In February 2015, Anthem Inc., the second largest health insurer was hit by one of the largest ever data breaches. Hackers managed to gain access to Anthem’s database, which contained personal information of as many as 80 million customers and employees. The hackers were able to get their hands on information such as birthdays, names, Social Security numbers, email and street addresses, medical identification numbers, employment information and much more.
Electronic health records (EHR) give healthcare professionals the ability to digitally share patient data quickly and effectively. EHRs have improved the efficiency of many healthcare organizations, which has increased the quality of care being administered to patients.
However, as evidenced by the Anthem breach, there is a negative side to using EHRs. Digitally storing patient data makes this information easily accessible, but also increasing the risk of patients’ health information being accessed by the wrong people.
The Poneman Institute’s "Sixth Annual Benchmark Study on Privacy and Security of Healthcare Data" showed that healthcare data breaches remain consistently high when it comes to volume, impact, frequency and cost. Almost 90% of the organizations represented in the study experienced a data breach in the past two years, and 45% experienced more than five data breaches over a two-year period. Based on the study’s results, estimates show that data breaches could be costing the healthcare industry around $6.2 billion.
According to the study, criminal attacks are the leading cause of healthcare data breaches followed by internal problems such as employee mistakes and stolen devices. Making these situations worse is the fact that breaches sometimes aren’t detected by the organization for months at a time.
This is why healthcare data security should be a top priority for medical organizations today and continuing into the future.
One of the best ways for healthcare organizations to protect themselves against data breaches is to be aware of common threats so that the proper precautions can be taken in an effort to safeguard patient data. Three common threats that healthcare organizations should constantly guard against are:
Theft and Loss: Since 2010, 68% of all healthcare data breaches have resulted from either device theft or loss, according to the Healthcare Breach Report released by Bitglass in 2014. These statistics show the need for healthcare providers to take extra care when it comes to securing patients’ healthcare data that lives on desktops and more importantly, mobile devices like laptops, tablets and smartphones.
Patients, the ones that fall victim to these healthcare data breaches, could potentially face a number of complications as a result, including lost insurance coverage, bad credit, higher premiums and mixed-up records.
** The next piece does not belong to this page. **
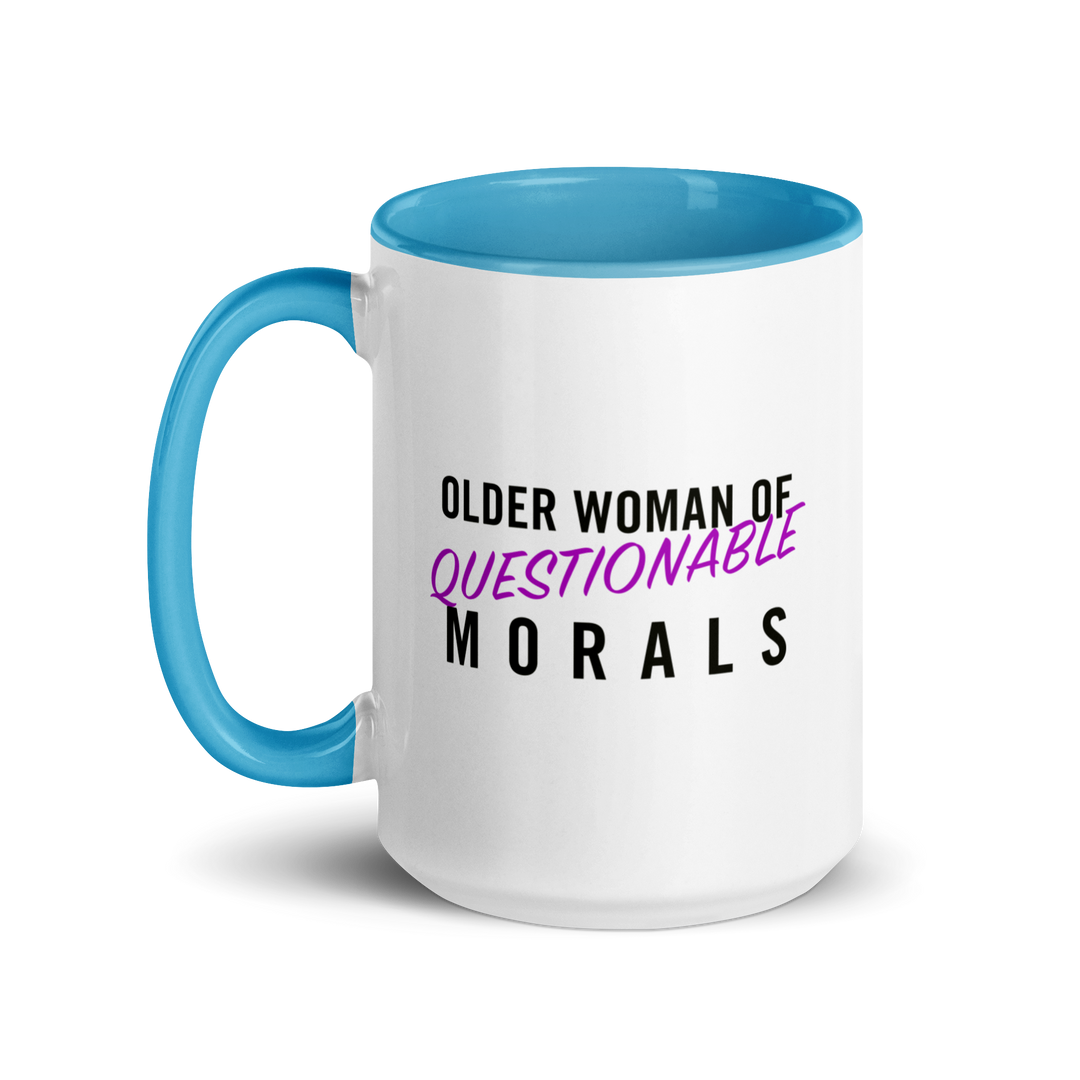 Product mockup white and light blue ceramic mug with text 'Older woman of questionable morals'.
In most cases these issues are just the beginning.
By ensuring the security of healthcare data on end-users’ devices, healthcare organizations can make sure that, even if a device is lost or stolen, sensitive patient information will not be compromised.
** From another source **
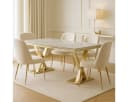 alesvelt Esstisch Ferrara Marmoroptik Gold/Silber 180cm Bild 2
Healthcare organizations are and will continue to be one of the most targeted sectors for cyber criminals mainly because of the high value of stolen data and the implementation of electronic health records, according to Experian’s Data Breach Industry Forecast.
Researchers noted in the report that, "Sophisticated attackers will continue to focus on insurers and large hospital networks where they have the opportunity for the largest payoff," according to the report.
"With the move to electronic health records (EHRs) continuing to gain momentum and becoming more widely accessible through mobile applications, the attack surface continues to grow," the report warned.
When it comes to targeted attacks, attackers usually have a specific organization in mind and have spent many hours and countless resources setting up and then carrying out the attack. The main goal of a targeted attack is to gain access to the target’s network so that confidential information can be stolen from the server.
It can take healthcare organizations as long as a year to discover they have suffered from a targeted attack. By then thousands and sometimes millions of patient records and information already have been compromised.
A number of healthcare providers do not think about the security of their mobile devices the way they do their conversations and emails. In most cases, mobile devices are believed to be more secure than they actually are, and as the use of them within healthcare organizations increases, more and more patient data is being put at risk. Because of this, healthcare providers need to make the security of their mobile devices more of a priority in order to better protect confidential patient information.
To help healthcare organizations improve their security practices for mobile devices, the Office of the National Coordinator for Health Information Technology created a five-step process for them to follow.
This five-step process includes:
As more people become insured and seek medical treatment, and more electronic health records are compiled by healthcare and insurance providers, the industry itself must address how that data is safely and securely stored.